Dealing with this as an adult is tough enough, but parents of the 5.6 million children with food allergies in America are also grappling with how to feed their families safely. Suzanne Sibilla’s son is severely allergic to 16 different foods, such as gluten and eggs. “The stores are empty with the products we usually buy,” says Sibilla, who is in her 50’s and lives in the San Francisco bay area. “He doesn’t want to try new brands or new food items because of his fear around getting anaphylactic reactions. We’ve had to create a positive food environment for him during this pandemic.” She has attempted to recreate certain products at home and scours the internet to find trusted brands.
On top of everything else is the added fear many have around going to the hospital if they have an allergic reaction. Katie Klein, 23, and her sister are quarantining together at their family home near Detroit; between the two of them, they are allergic to tree nuts, apples, peanuts, sesame, shellfish, kiwi, and peaches. “My family is being extra cautious with all food, whether it be from the grocery store or carry-out from a restaurant due to the heightened fear of having to go to the hospital amidst a pandemic,” says Klein.
Finding workarounds for shortages
While this is an incredibly taxing situation, there are a few ways people with food allergies can feel realigned when it comes to food. In the tech space, companies like Freshly deliver a predetermined number of meals each week that specifically define any allergens. Then there’s Savorfull, an online shop that filters products by a customer’s unique dietary and allergy needs, to help making searching for products easier.

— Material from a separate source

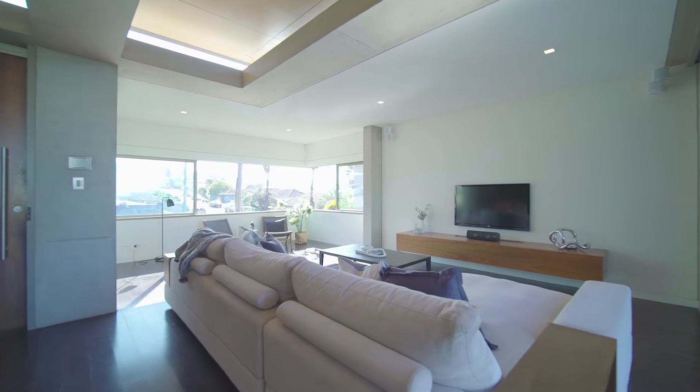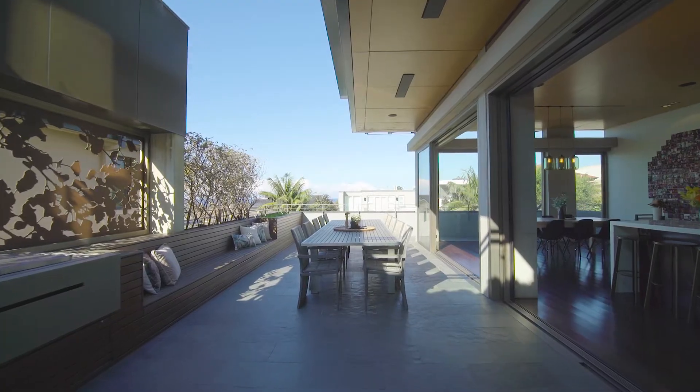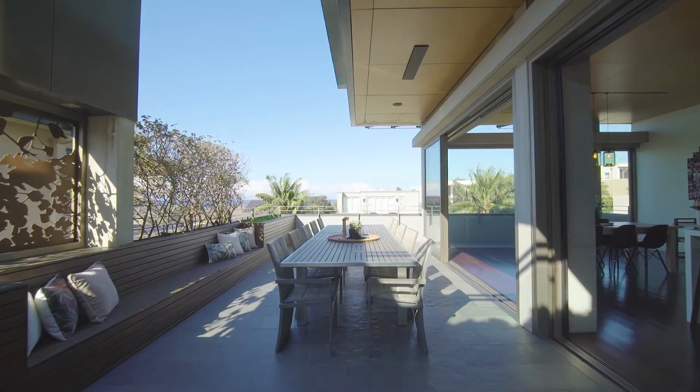The entry level boasts a top-of-the-range Italian Polyform kitchen with formal and informal living and dining areas, and a wall of glass creating a seamless integration between indoor and outdoor living spaces.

Looking at reliable sites that tell you which brands are safe for your allergy is another great option—such as the Celiac Disease Foundation and Go Dairy Free. Or better yet, order directly from your trusted brands online when possible. “If you have an allergy friendly brand and like a few of their products, I would recommend going online and ordering in bulk since you know it is a safe food that you enjoy and can be directly delivered to your home,” says Kahn.
If you strike out at your go-to supermarket and online, Gregory recommends thinking small and seeing if any farmer’s markets or food co-ops are in your area. From experience, these tend to be very allergy-friendly.

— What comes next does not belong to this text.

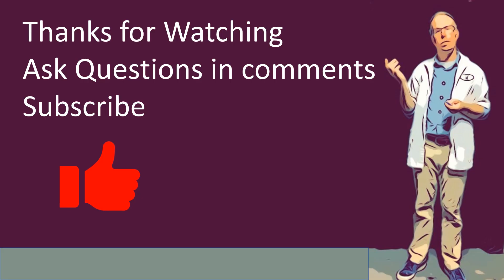I do appreciate you watching this video. Go ahead and ask any questions in the comments below, and I'd appreciate it if you'd subscribe to my channel if you like videos like these. Thank you for watching.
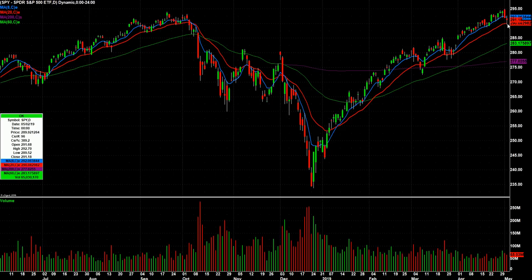We sold off again this morning and ended up hitting the 20-day. To me, there's no damage to the chart or anything. We're still basically sitting right at all-time highs.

As for maintaining a balanced diet even with these increased limitations, “try to get a wide array of fruits and vegetables,” suggests Kahn. “Find alternatives to your favorite foods so that you are not missing key food groups. For example, if you have celiac disease and cannot find any gluten free bread or pasta in the store, try to add in gluten free grains that are made in a wide abundance like rice and quinoa to include in your diet.”
If you regularly bought allergy-friendly products before the pandemic but don’t need to, seriously consider leaving these specialized products on the shelf. “Buying these products is okay, because maybe it increases popularity, and more people recommend that a story would carry it, so when things are somewhat back to ‘normal,’ there would be more in-stock,” says Eric Katzman, 41, who has children allergic to everything from peanuts and tree nuts to avocado and sesame. “But take into consideration that this may be the only safe option for some people, and maybe, leave the one last box on the shelf.”
Nothing is normal right now, and the world is full of fear, but, for people with severe food restrictions, navigating these shortages, staying safe, and maintaining a healthy diet is another hurdle that must be faced.